RICHMOND, Va. -- State lawmakers took action Thursday that could lead to a ban on modified "Carolina Squat" trucks from Virginia's roads -- a push that followed a deadly crash last month in Mecklenburg County that left a 27-year-old man dead.
The Senate Committee on Transportation voted unanimously to pass SB 777 that would ban any "passenger car or pickup or panel truck" from public roads if it has been modified to raise the front bumper four inches or higher than the rear bumper. Lawmakers also added an emergency clause to the bill -- so, if the bill is passed by the General Assembly and signed into law by Gov. Glenn Youngkin it would take effect immediately, rather than waiting until July 1.
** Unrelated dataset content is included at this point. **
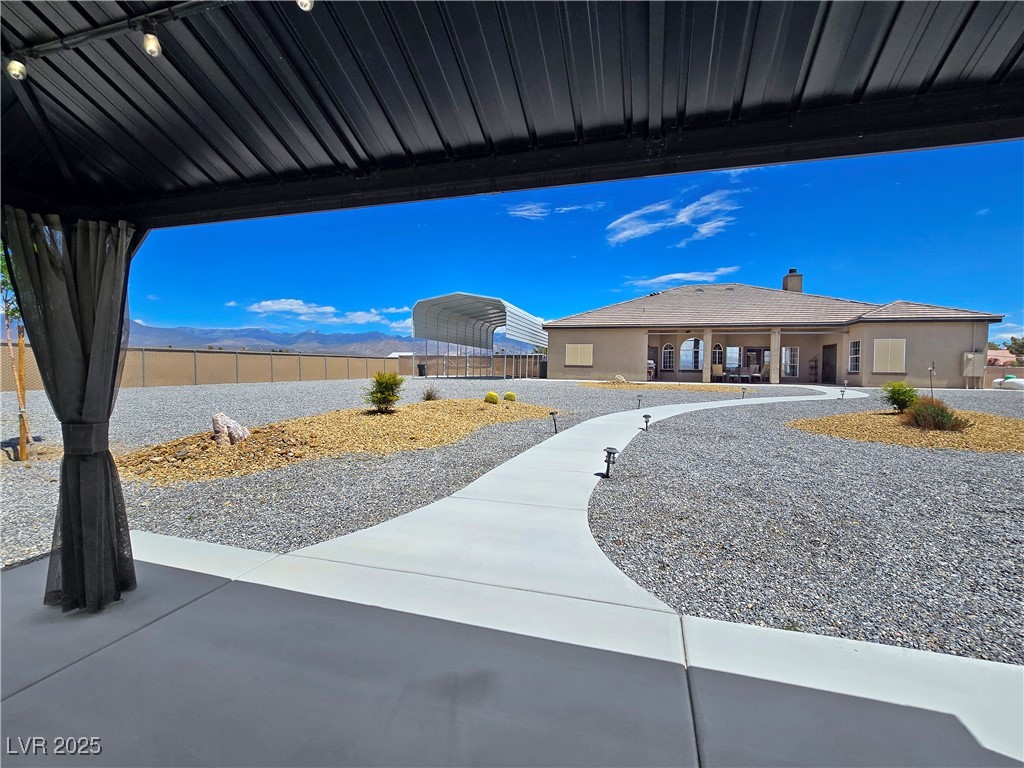 3780 Shawnee Avenue, Pahrump, Nevada image 50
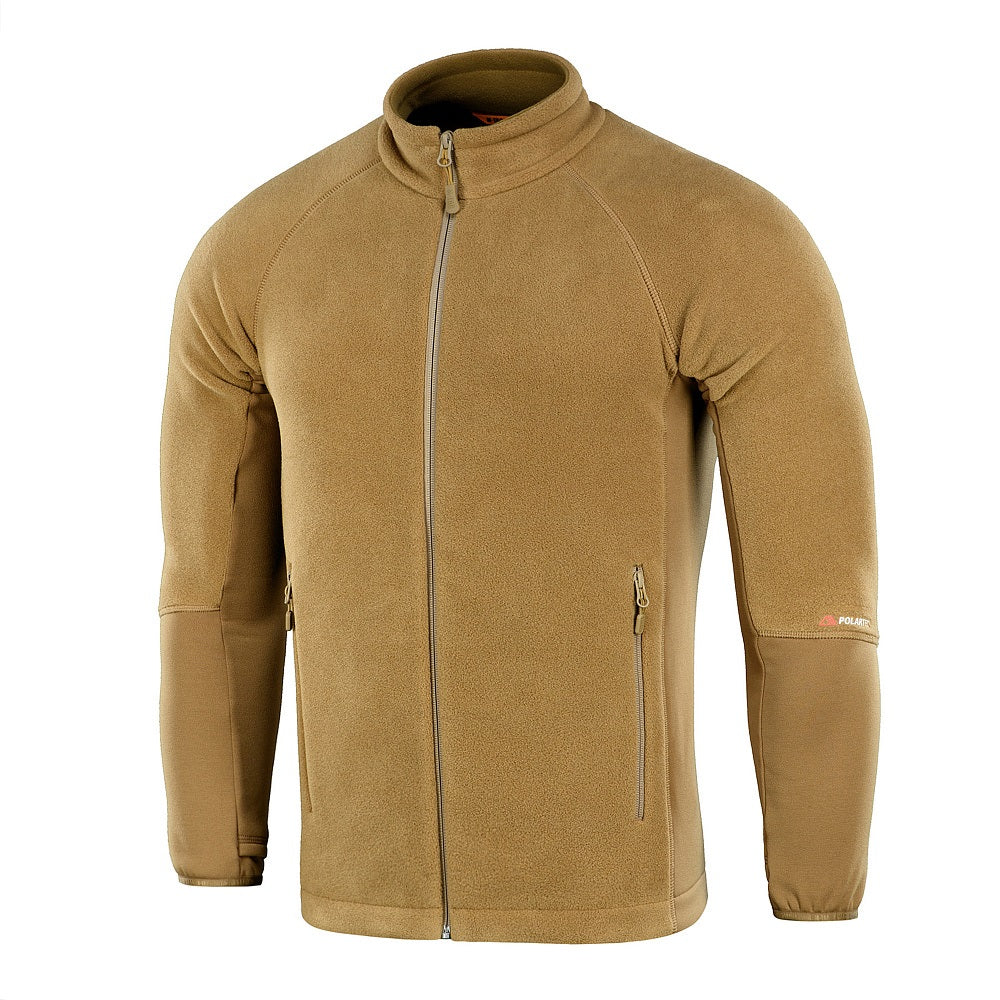 M‑Tac Fleece Jacket Polartec Sport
A "Carolina Squat" truck is one that has been modified to raise the front end of the vehicle higher than the rear.
Efforts to ban the truck were started by the family of BJ Upton, 27, who died in a Feb. 16, 2022 crash in Mecklenburg County. Upton died after his truck was hit by another truck traveling in the other direction crossed over the center line and crashed into his.
"The truck was smashed…Completely, almost like in a ball and it was like indented within the ditch," said Upton's future sister-in-law, Ann Taylor Kallam, who arrived at the scene shortly after it happened. "It was just a horrific sight."
The driver of the other truck, Anthony Newcomb of Chase City, 19, sustained minor injuries in the crash. Newcomb was charged with reckless driving.
Kallam said Newcomb's truck was a "Carolina Squat" and the family believes those modifications played a big role in the deadly outcome of the crash.
"We can't help but think, what if it was another vehicle? What if? What if that truck that hit him wasn't squatted? What if the truck wasn't squatted and the guy could actually see the road?" said Kallam.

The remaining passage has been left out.